Words and Painting Exchange Roles: Concretism, Experimentalism and Fine Arts in Portugal

Article by Eduardo Paz Barroso establishing correspondences between some Portuguese artists and the universe of visual poetry, thus discussing aspects of the Portuguese poetry of the 1960s. [Pdf]

In > Journal of Artists’ Books, Number 32, Columbia College Chicago, Center for Book and Paper Arts, pp. 21-28. Fall 2012. ISSN 1085-1461.

From the Introduction > When considering the relations between Concretism, Experimentalism and fine arts in Portugal, we are referred to the universes of Cubist collage, to the mental associations of Surrealism, to Informalism and action painting.
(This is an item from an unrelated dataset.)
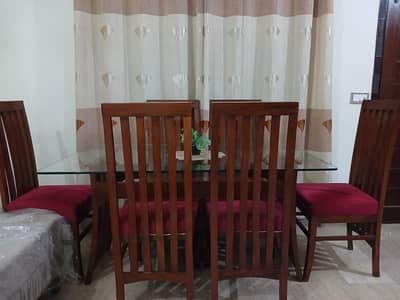 Premium Interwood Dining Set for Sale – Well Maintained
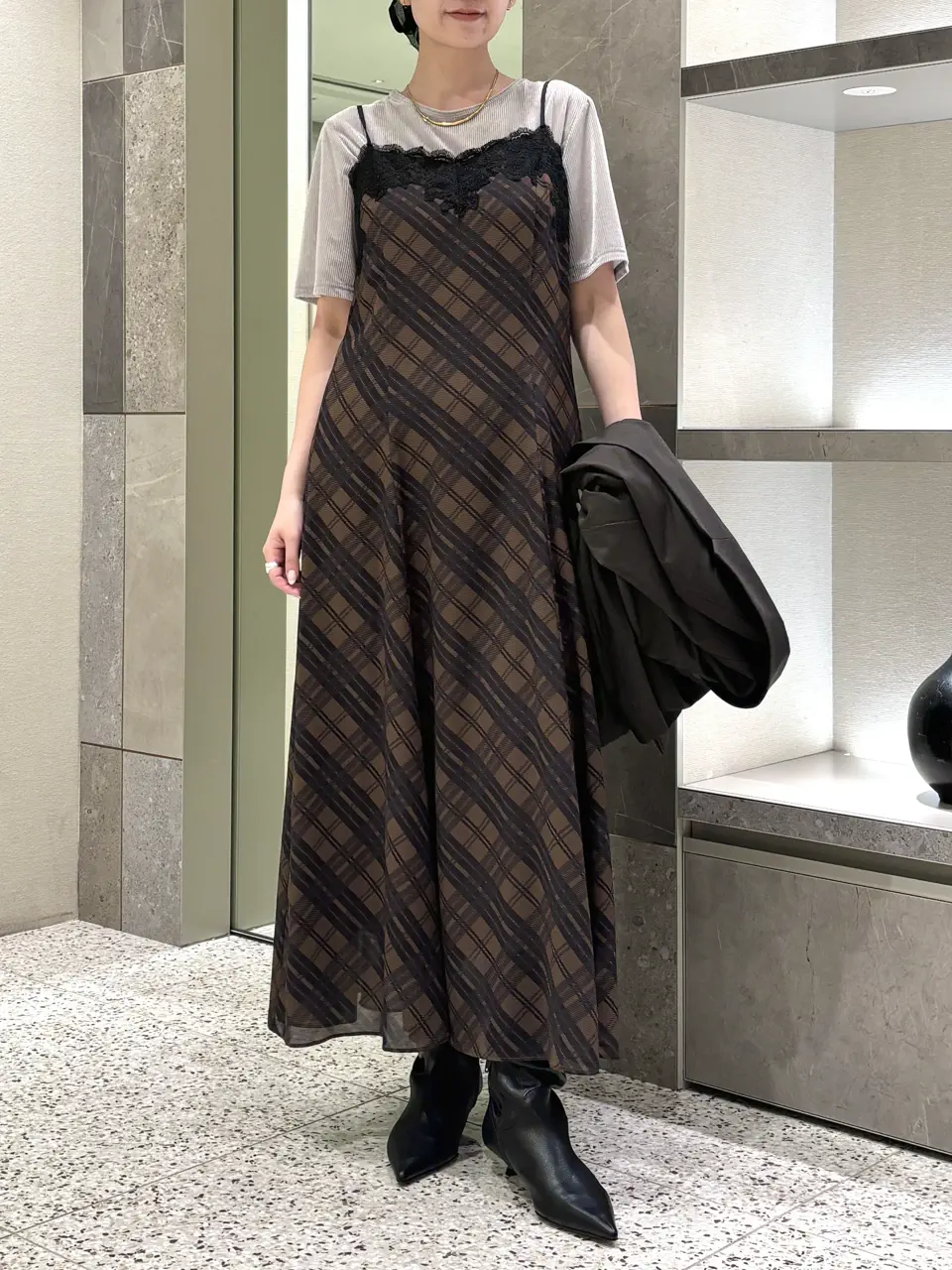 GRACE CONTINENTAL Arichi コーディネート画像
All these aesthetic trends provide the means and contexts for new forms of visual thinking that experimental poetry formulates, questioning and self-questioning in accordance with principles that expose the poetic creation simultaneously as creation and theoretical enunciation. Several points of contact and aesthetic affinities between this trend and some of the most significant moments of the Portuguese plastic production are perfectly identifiable. However, it is still insufficiently explored the critical analysis inherent to a pictorial corpus interrogated from the concerns and attitudes of experimental poetry and concrete poetry.

The place of poetry in modern and contemporary Portuguese literature marks a kind of originality without a name. More than a pure purpose of language and its subject, it is an accelerated experimentation. This is due both to the dizzying capacity of the “saying” as to the imagery of the word that breaks through as a “pluri-significant” event full of oniric possibilities. In this context, the term Literature has not so much its institutional and ideological meaning which refers to a “theory of literature”, but is rather an “archipelago of metaphors” (Lourenço, 1988:205), each metaphor with its own filament, its demarcation of episodes where language breaks all the grammars, according to criteria of solitary poetic authorship, which is always the condition of an “I” that resists the critique reunification with the “person” of the author.